Your goal -> Please, starting at the line that contains "Poco F7 Ultra", reproduce every line exactly until the records run out, skipping all pictures.

═════ Provided records

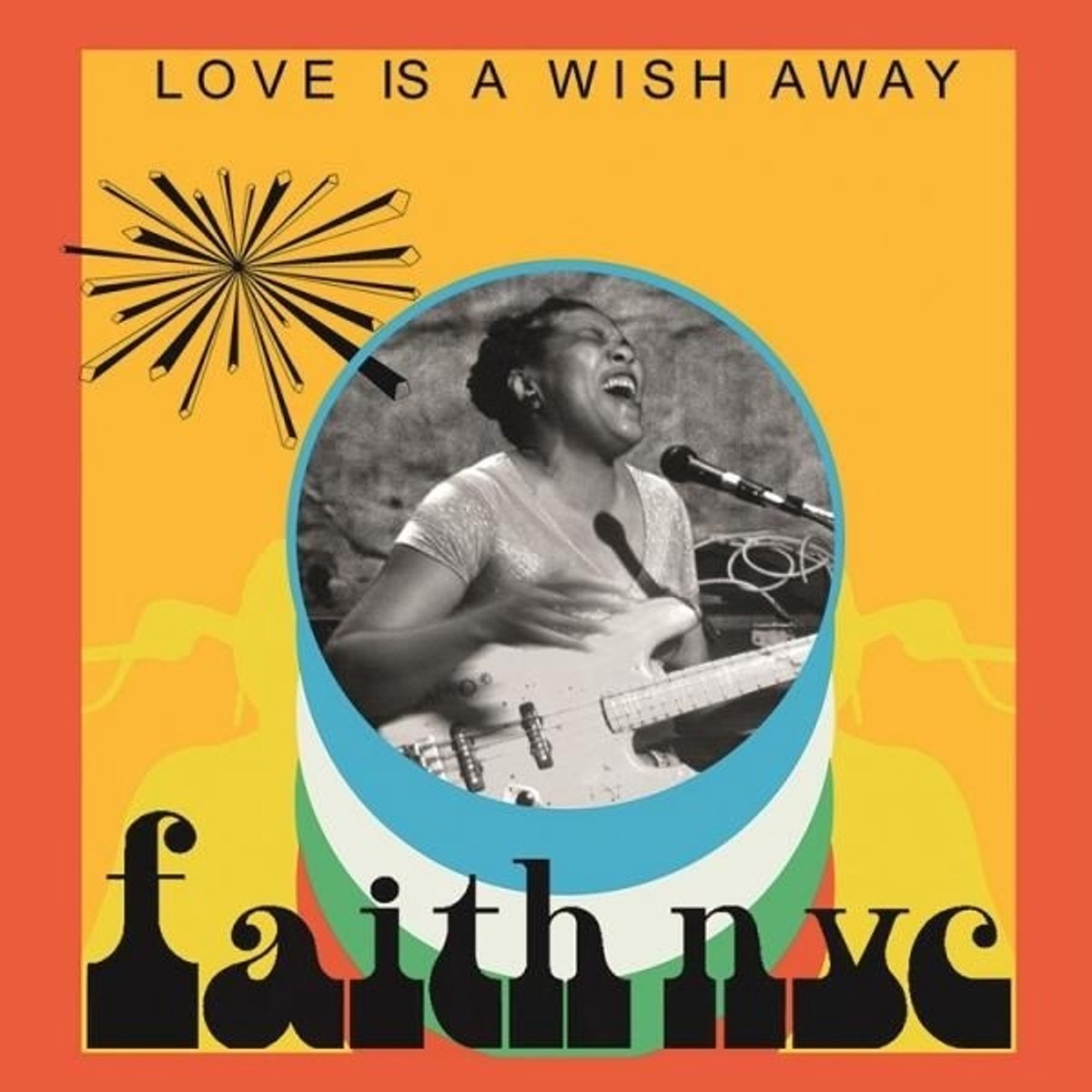 Faith Nyc - Love Is A Wish Away (CD)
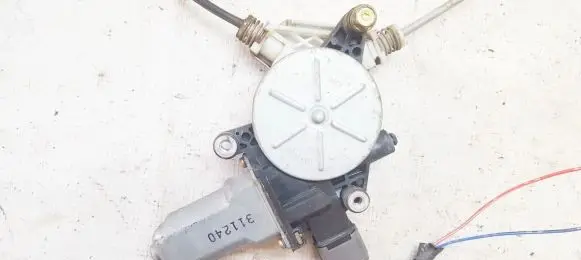 Honda Accord Rear door window regulator motor
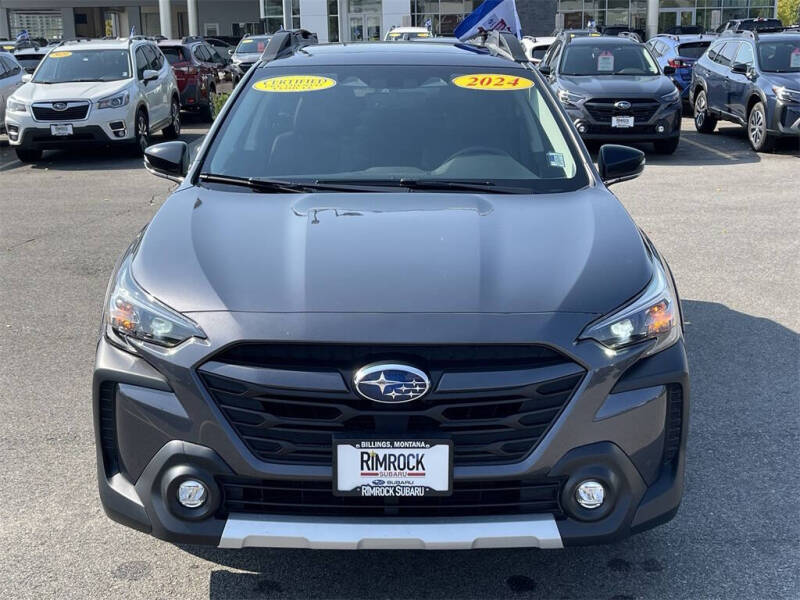 2024 Subaru Outback Limited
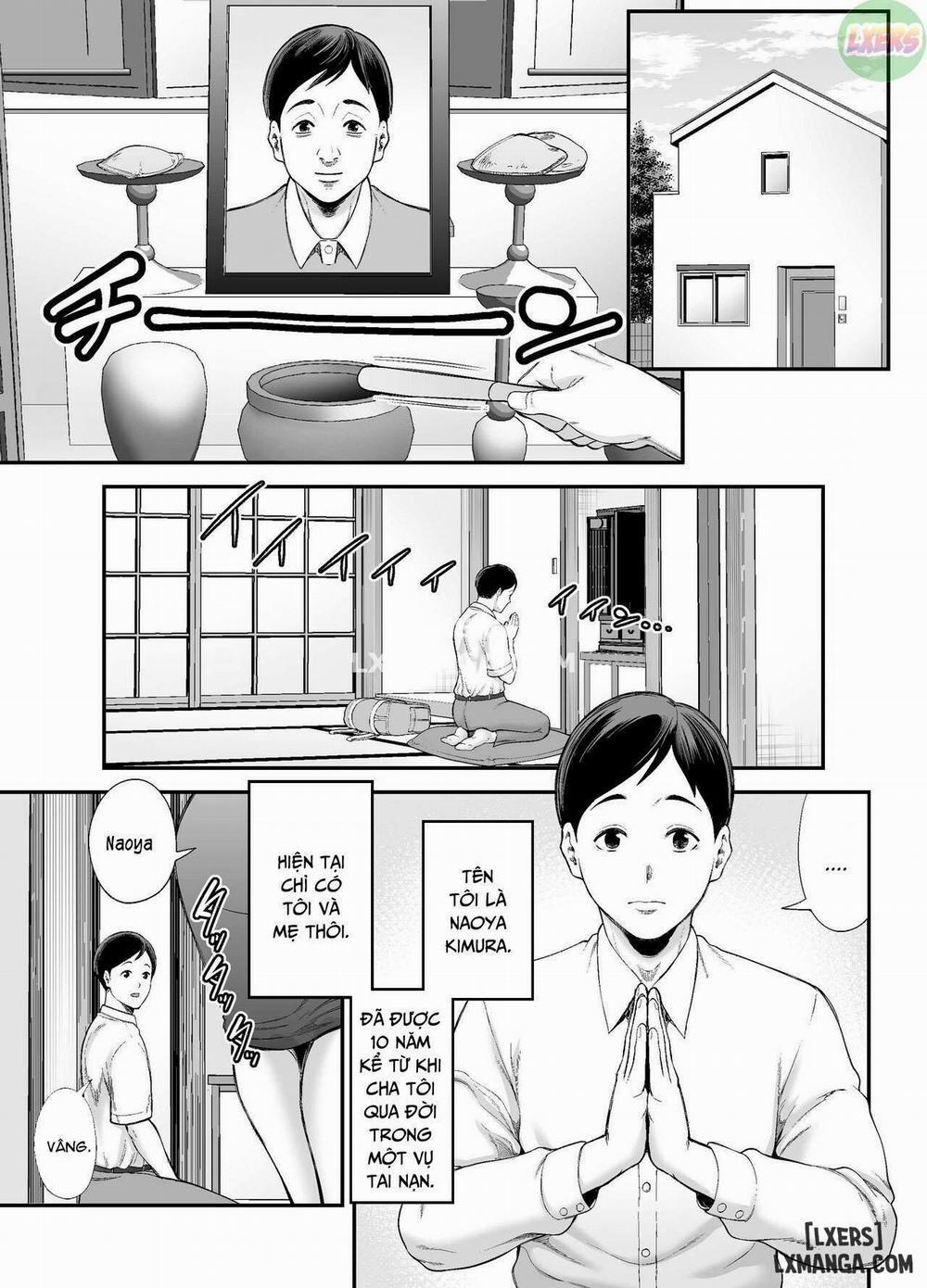 Mom's huge ass is too sexy Oneshot trang 2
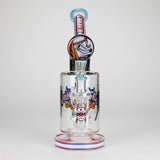 Cheech | 12″ Homerun Derby Baseball Bong – CHE‑361 Glass Bong Smoking Cat Distribution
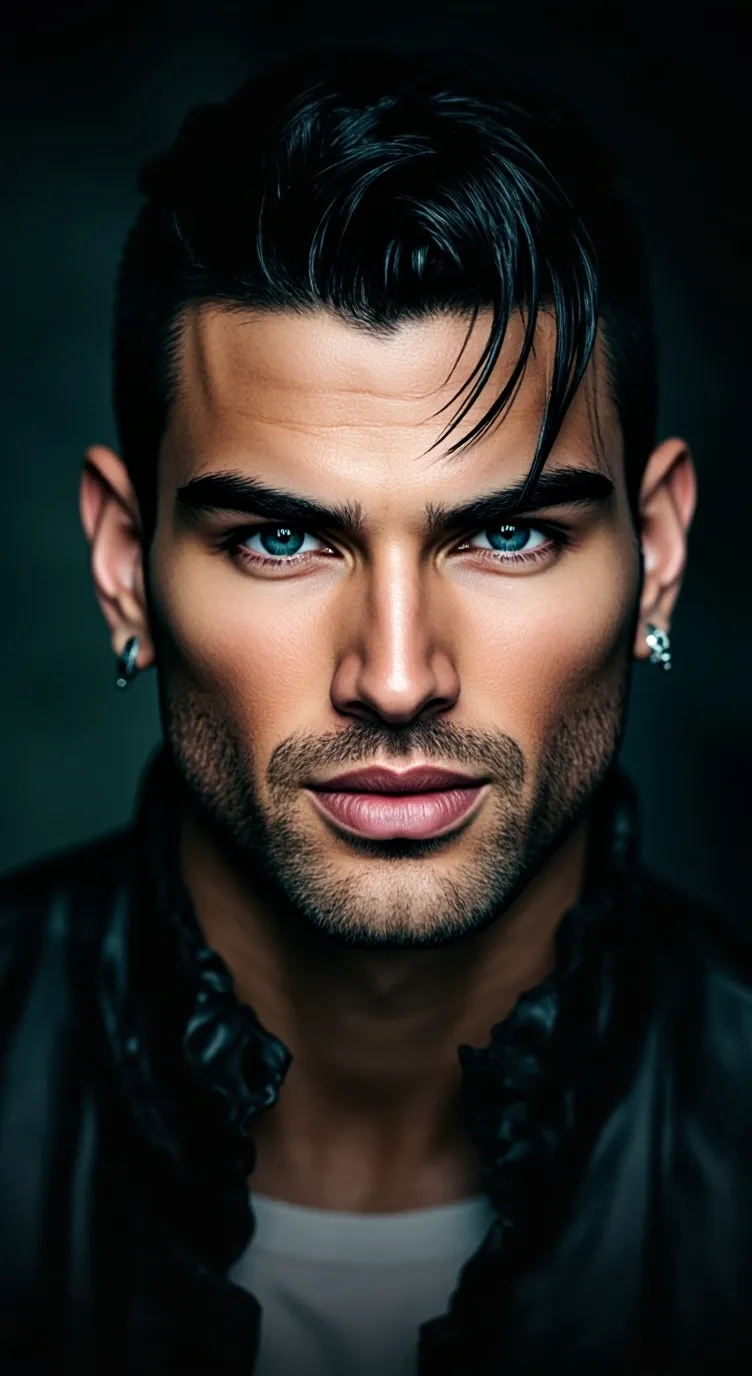 ai character: Liam background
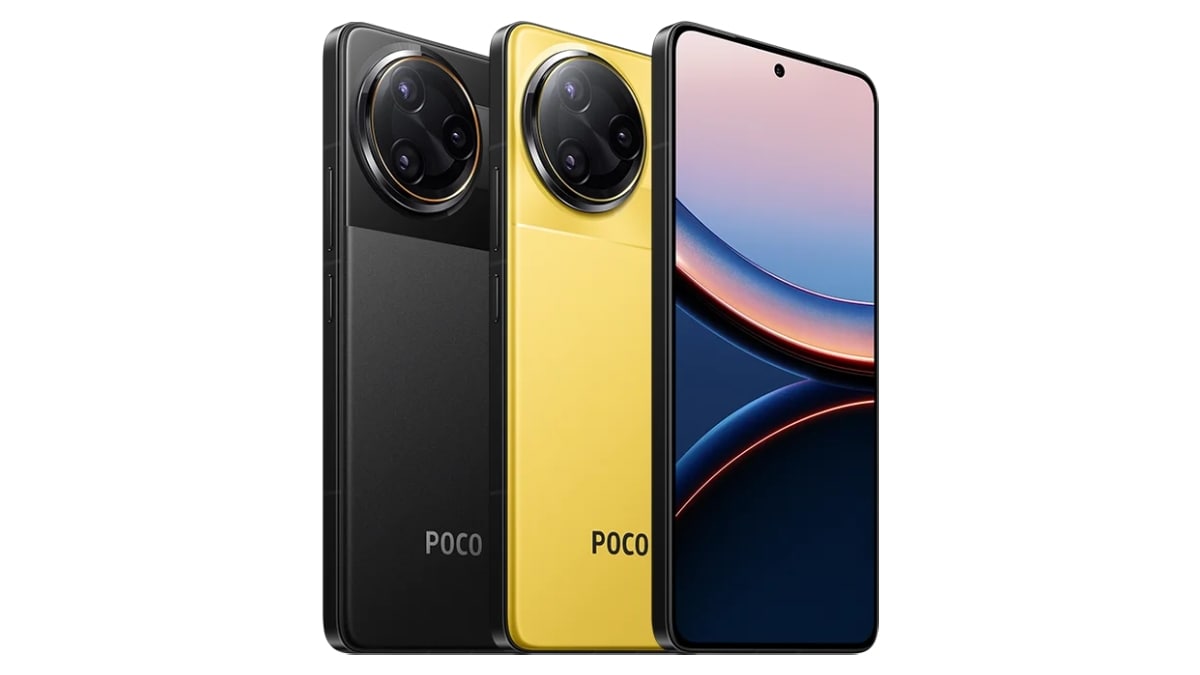 Poco F7 Ultra India Launch Officially Teased; May Arrive Alongside Poco F7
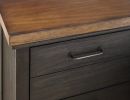 Brown Bear Creek Nightstand Bedside Table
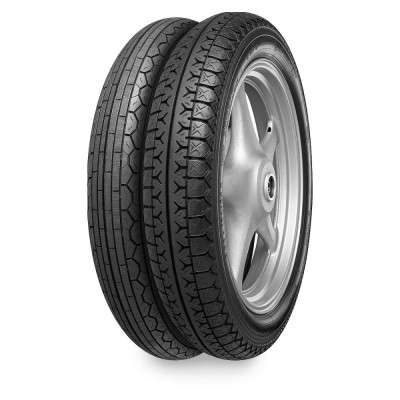 Anvelopa Continental Twins Conti RB2 / K112 MT90-16 71H TL Cod Produs: MX_NEW 97110PE foto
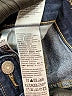 Levi's Solid Blue Jeans Size 28 waist - photo 8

══════════

Result of the task ->
 Poco F7 Ultra India Launch Officially Teased; May Arrive Alongside Poco F7
 Brown Bear Creek Nightstand Bedside Table
 Anvelopa Continental Twins Conti RB2 / K112 MT90-16 71H TL Cod Produs: MX_NEW 97110PE foto
 Levi's Solid Blue Jeans Size 28 waist - photo 8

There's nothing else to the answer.